In questo primo trimestre si possono verificare tutta una serie di sintomi somatici, come nausea e diarrea, che la psicoanalisi, ricollega simbolicamente ad un rifiuto della gravidanza o del nuovo essere che sta prendendo sempre più spazio. Soifer pensa che vomito e diarrea rappresentino la paura della donna nei confronti della propria ambivalenza: la neo-mamma cerca di espellere il rifiuto vissuto come parte cattiva di sé, mentre cerca di trattenere ciò che di sé percepisce come buono e che coincide con il figlio. Le voglie nei confronti di cibi strani o l’aumento della fame sono collegati alla tendenze ad incorporare. Anche stitichezza o diarrea sono legate allo stesso conflitto, ma semplicemente espresso con altri organi.

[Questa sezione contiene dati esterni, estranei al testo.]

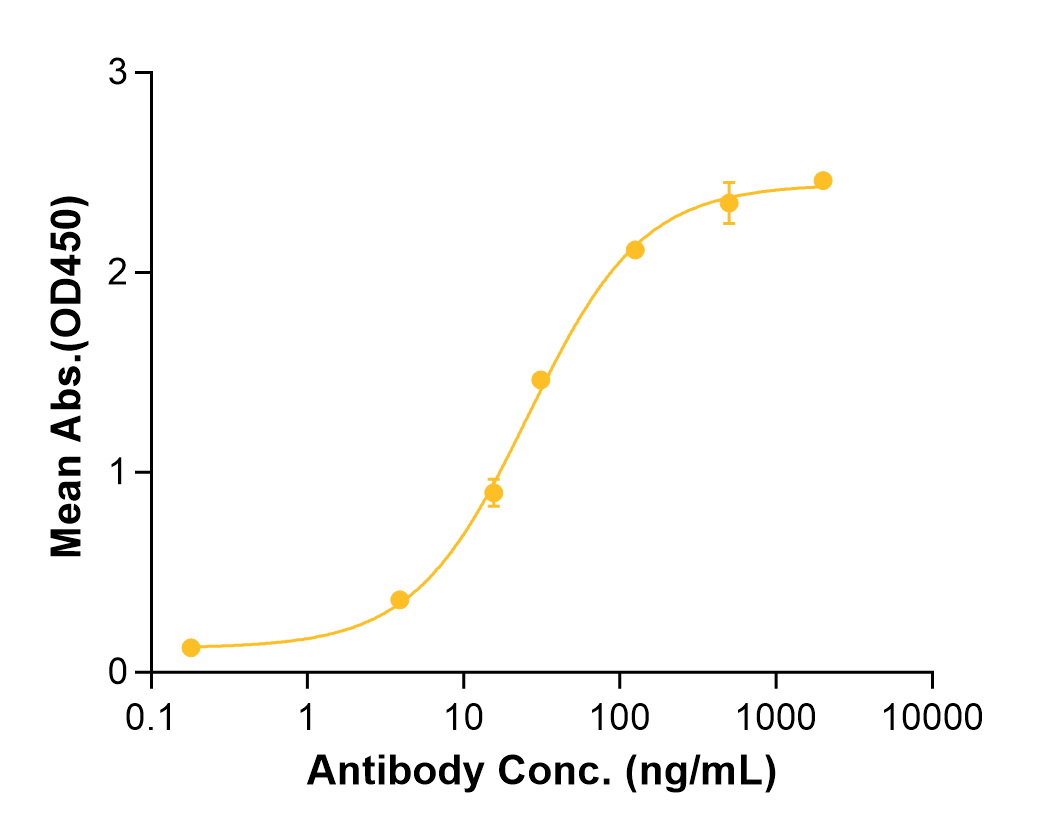 Enibarcimab (Biosimilar Reference Antibody) (ADM)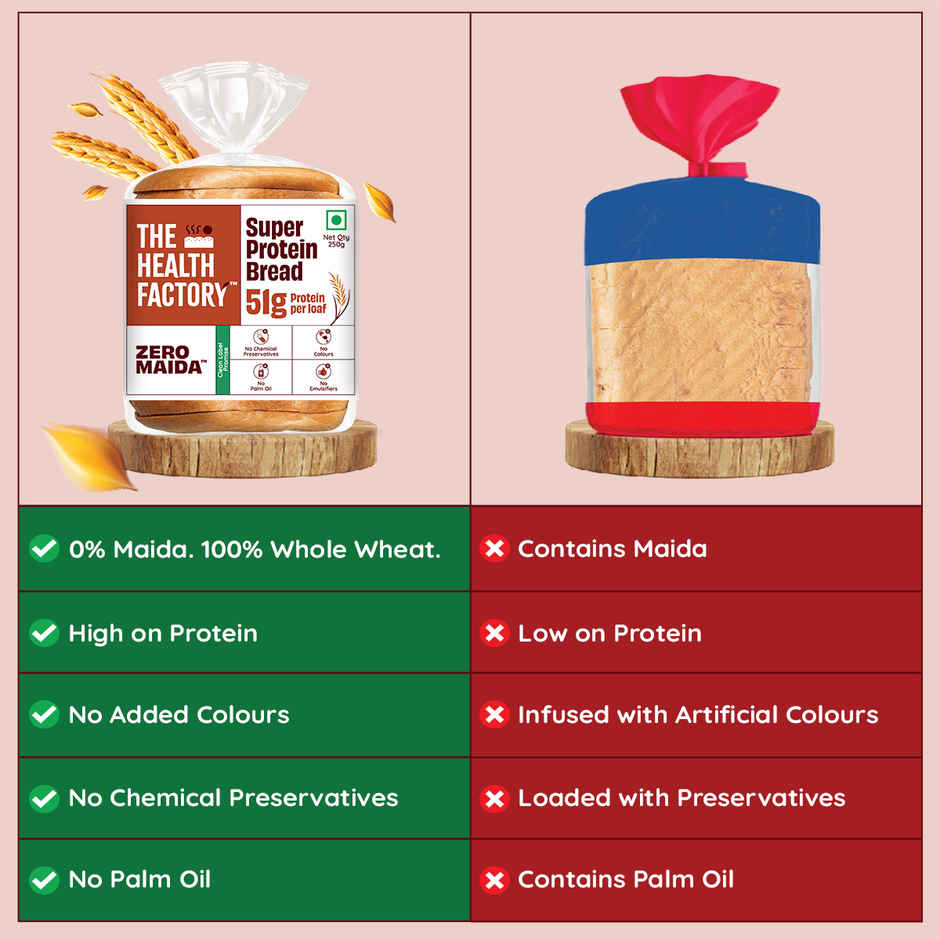 The Health Factory Zero Maida Super Protein Bread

Nausea, vomito e false contrazioni possono anche rappresentare una sorta di richiamo della gestante che, sentendosi sola in un contesto famigliare nucleare, cerca d’attirare l’attenzione su di sé attraverso questi sintomi. Spiegazioni più attuali si rifanno, invece, a fenomeni definiti simpatici, poiché riconducibili a modificazioni del sistema nervoso simpatico e parasimpatico. Non va dimenticato, infatti, che nausea e vomito lievi sono comunque di natura fisiologica, essendo dovuti ai cambiamenti ormonali che si verificano durante questo trimestre. “Alla modificazione generale dell’equilibrio ormonale si aggiunge la comparsa di un ormone prodotto dalla placenta, la gonadotropina corioninca (HCG), oltre ad un generale abbassamento del tasso di zuccheri nel sangue[5]”. La conseguenza necessaria è un’ambivalenza fra il desiderio di trattenere e quello di espellere, fra l’accettazione e il rifiuto, viene definita da Vegetti Finzi fisiologica, in quanto l’amore tende a coesistere con varie forme d’ostilità, paura ed aggressività. L’origine di questo sentimento è legato alla complessa attività di concepire l’esistenza di due persone in un corpo solo e al riemergere dei vissuti inconsci. La donna è in parte se stessa e in parte diversa da sé. Bibring, infatti, sostiene che il compito più difficile per la madre sia di arrivare a percepire come parte di sé il nuovo corpo, che si sviluppa nel suo.
E’ necessario che questa ambivalenza si concluda con la creazione di uno spazio interno dedicato al bambino, che non deve essere solo fisico, ma soprattutto mentale, per iniziare a vivere un rapporto fantasmatico e al tempo stesso concreto con il nascituro. All’inizio lo spazio è un’area di fusione in cui madre e bambino coincidono, poi verrà sempre più differenziandosi fino al momento del parto.
Dott.ssa Alessandra Santangelo (psicologa e psicoterapeuta)
Bibliografia
[1] Rigetti P.L., Sette L., 2000, Non c’è due senza tre, Boringhieri, Torino.
[2] Vegetti Finzi S., 1990, Il bambino della notte, Arnoldo Mondatori, Milano.
[3] Argomenti trattati in Rigetti P.L., Sette L., 2000, Non c’è due senza tre, Boringhieri, Torino.
[4] Winnicott D.W., 1990, Dal luogo delle origini, Raffaello Cortina, Milano.
[5] Rigetti P.L., Sette L., 2000, Non c’è due senza tre, Boringhieri, Torino.